Likud Knesset member Anat Berko ruffled a few feathers and raised a few brows at the plenum on Wednesday when she called into question the veracity of the Palestinian claim to regional territory, by citing the absence of the “P” sound in the Arabic alphabet.

“As we’ve noted, the letter ‘P’ doesn’t even exist in Arabic, so the borrowed term (Palestine) is worth looking into,” Berko said from the podium during a discussion called by opposition parties on the status of the two-state solution. The lawmaker began to add that Israel did not deny the existence of “a Palestinian entity” alongside the Jewish state, and wished for peace with it, when a hubbub broke out among left-wing MKs.

“Did you hear that?” Meretz MK Tamar Zandberg cried out in astonishment, repeating Berko’s statements to her fellow lawmakers.

“Yes,” Berko answered her. “There’s no ‘P’.” She added in exaggerated pronunciation for emphasis: “‘Pah, pah, pah,’ there’s no ‘Pah.’ There’s ‘Fah.'”

MK Tamar Zandberg seen in the Israeli parliament on October 19, 2015. Photo by Miriam Alster/Flash90.

MK Tamar Zandberg seen in the Israeli parliament on October 19, 2015. (Flash90)

Zandberg shot back incredulously: “Are you an imbecile?”

As further voices of dissent were raised around her, Berko replied: “Those are the facts, I’ll send them to you.

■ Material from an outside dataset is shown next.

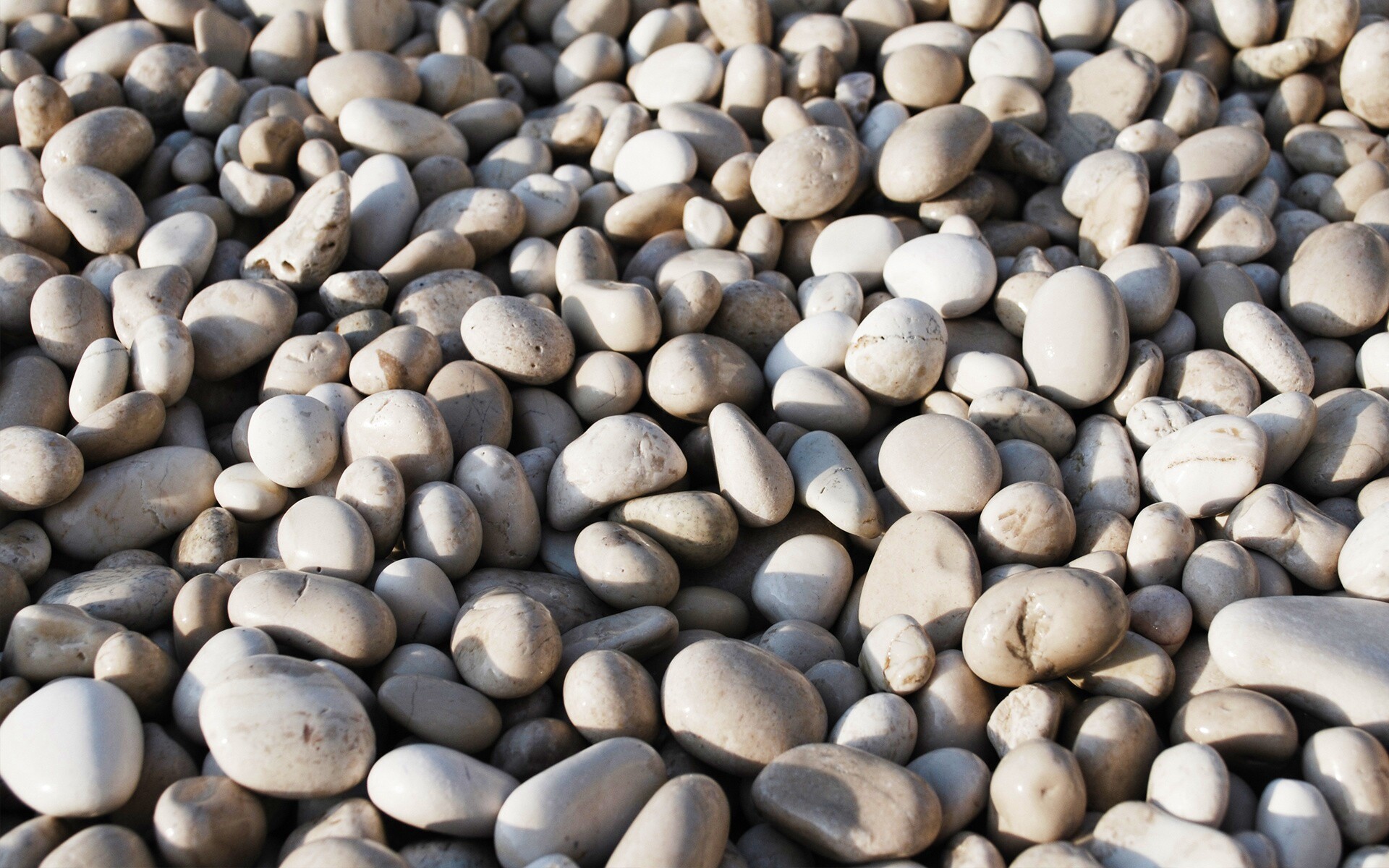 Морская галька обои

It’s fine.”

Several Arab lawmakers then left the hall in anger, while Zandberg laughed incredulously at Berko’s words.

Arabic indeed does not have an equivalent to the letter “P.” The “F” sound is denoted by the letter “Fa,” and “Palestine” is pronounced “Fah-lah-steen.”

While the absence of the letter “P” in the Arabic alphabet has been used as an occasional point of ridicule by those who oppose Palestinian self-determination, it is not generally considered a serious political argument.